The Malibu resident's new bronze work is making waves.
By Kim Devore / The Malibu Times
He may be best known for his unforgettable roles in the hit movies “Home Alone” and “City Slickers,” but actor and Malibu resident Daniel Stern is just as passionate about working off screen as a sculptor.
Stern is quick to point out that his hobby is nothing new. It goes back to his toddler days when he played in the mud and first discovered a potter's wheel. “I've always loved that tactile sense and getting my hands dirty,” he said. “In that regard, I haven't progressed from my four-year-old self.”
His love of sculpting may not have changed but his materials have. Instead of Play-Doh, he's fashioning impressive works in bronze.
Stern's pieces take many shapes, but he is especially fond of the human form. His figurative bronze sculptures capture expression, movement and moments in time. “I am a story teller at heart and my sculptural work allows me to give a literal and visceral dimension to my characters,” Stern explained. “Much like taking a still frame from a film, the work communicates freeing, fleeting or reflexive moments from my character's varied narratives.”
Bronze is turning out to be the perfect material to capture his vision. “It's so strong. It can hold poses that are completely unbalanced, even someone standing on just one toe.”
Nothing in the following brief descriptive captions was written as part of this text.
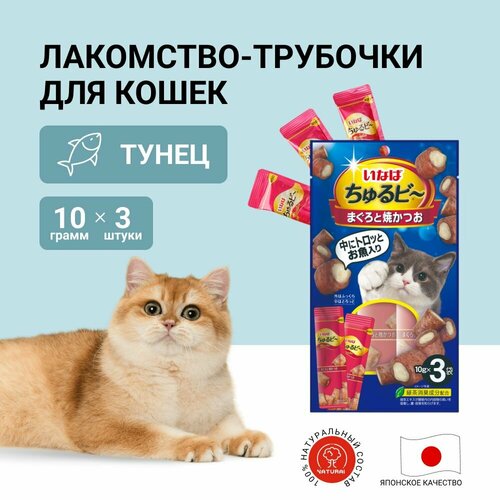 Лакомство для кошек INABA с тунцом магуро и кацуо фото, описание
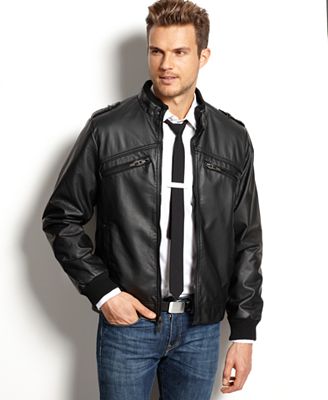 Brave Soul Jacket, Faux Leather Bomber - Coats & Jackets - Men - Macy's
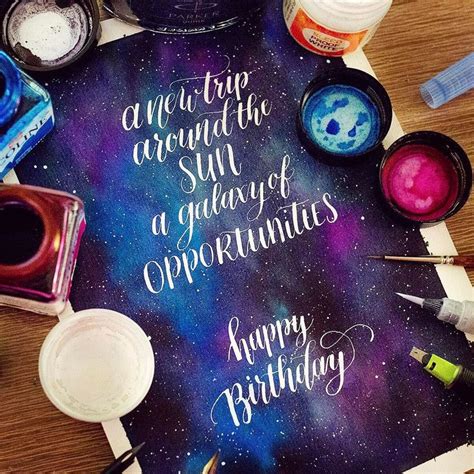 Birthday Wish Quote Calligraphy Galaxy Space Stars Opportunities Happy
One piece may capture a girl caught in a windstorm, her clothes and muffler flapping in the breeze. “Reach for It” shows a woman twisting her limbs to the extreme. “Angel of Repose” depicts a balding, middle-aged man snoozing on a lawn chair with a book on his lap.
Much of Stern's work has graced the Malibu home he shares with wife Laure Stern and their college-age children. During a visit several years ago, a life-size papier-mâché sculpture did a handstand in the living room; various large pieces were stacked in his workspace in the garage. But he's moved from home display to galleries-some of his sculptures (he works only with bronze now) were displayed at a local gallery last year-and he's moved his workspace to a studio in Culver City.
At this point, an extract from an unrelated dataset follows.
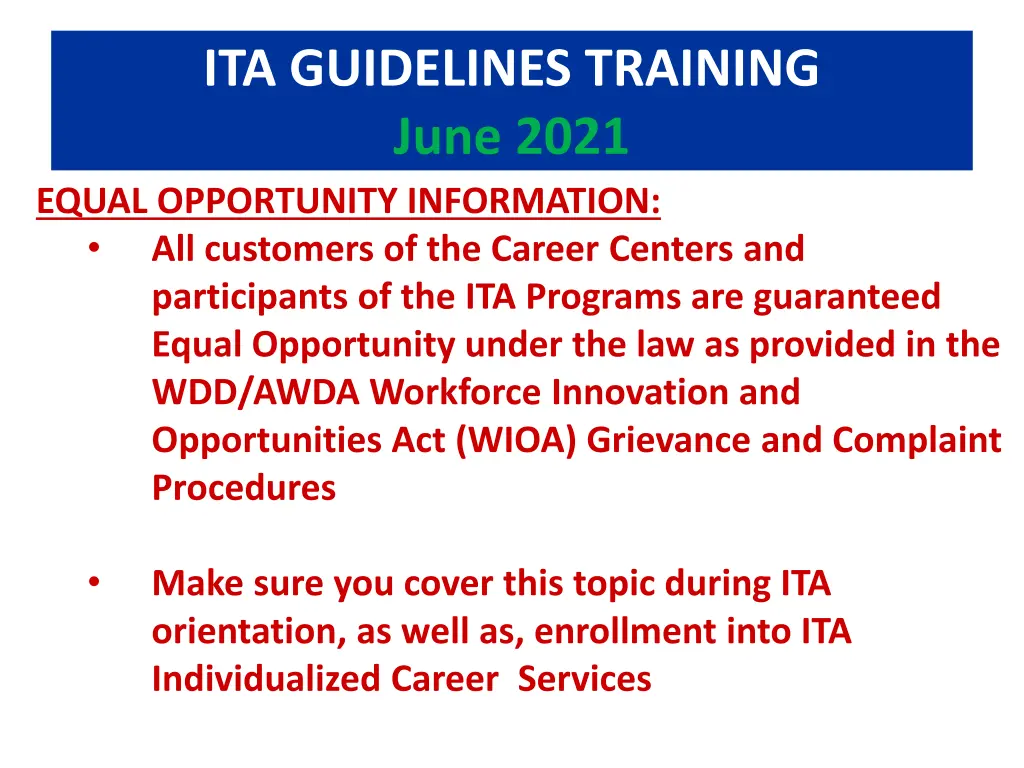 ita guidelines training june 2021 equal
His newest work is on display in another beachside city-San Diego.
It's part of San Diego's public art exhibition called “Urban Trees.” The program features life-sized sculptures artfully placed along the pedestrian promenade bordering San Diego Bay.
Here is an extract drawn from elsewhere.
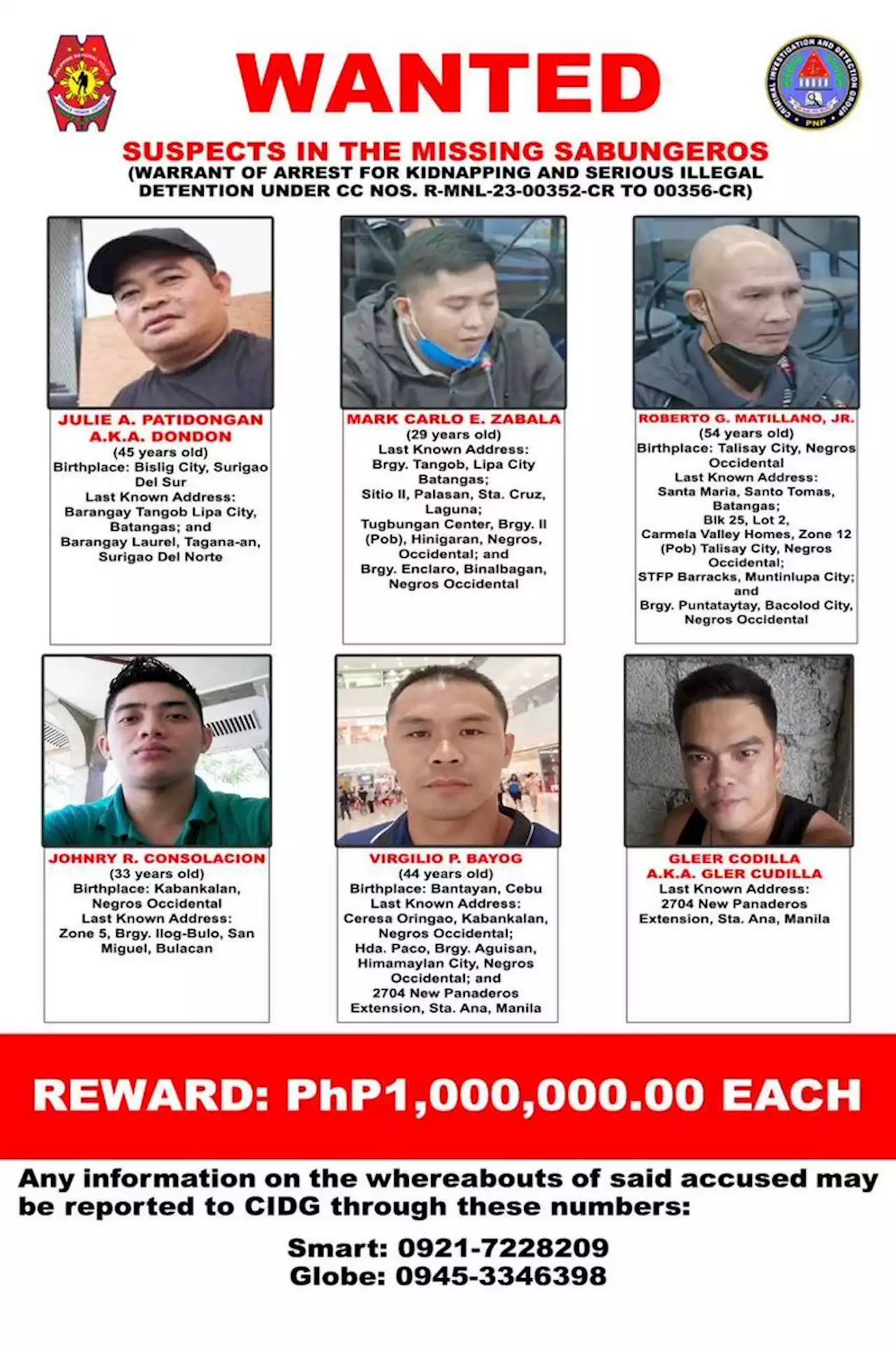 6 persons to face kidnapping, detention charges over missing 'sabungeros'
Stern received a public art commission for his bronze sculpture called “Handstand” (which looks similar to the one he had in his living room). It's super-sized and as the name suggests, shows a man standing on one hand. It's a moment frozen in time and leaves the viewer wondering whether the subject will take a tumble or land gracefully back on his feet.
Daniel and Laure both have a long history of community service. That's just another reason why he loves the whole idea of public art. “It's a perfect fit for me and the whole public service aspect is very satisfying,” he said.
Family life kept Stern involved in community activities, especially those relating to children. He coached sports teams, cofounded the Malibu Foundation for Youth and Families as well as the Boys and Girls Club of Malibu Teen Center, which serves more than 1,200 young people every year.
Earlier this year, President Obama presented the Sterns with the President's Volunteer Service Award. “My success as an actor has afforded me the unique opportunity to give back to my community, putting my vision of creating a strong and sensitive society into practice,” Stern said of his volunteerism.
Now that his children are grown, Stern has more time to focus on his art. “I rediscovered my love of this most tactile experience,” he explained. “It gives me sanity, expression, problems to solve, surprises, risk-taking opportunities, consistency, purpose and a chance to lose myself by immersing myself in art.”
Stern continues to be busy with film and television work, but is trying to carve out more time for sculpting. At the top of his wish list is a community installation in Malibu or perhaps a piece specially designed for a public library. Proposals will soon be in the works so don't be surprised if you come across a larger-than-life bronze figure peering out at you at the Civic Center. Rest assured, Daniel Stern's four-year-old self is hard at work and he knows how to dream big.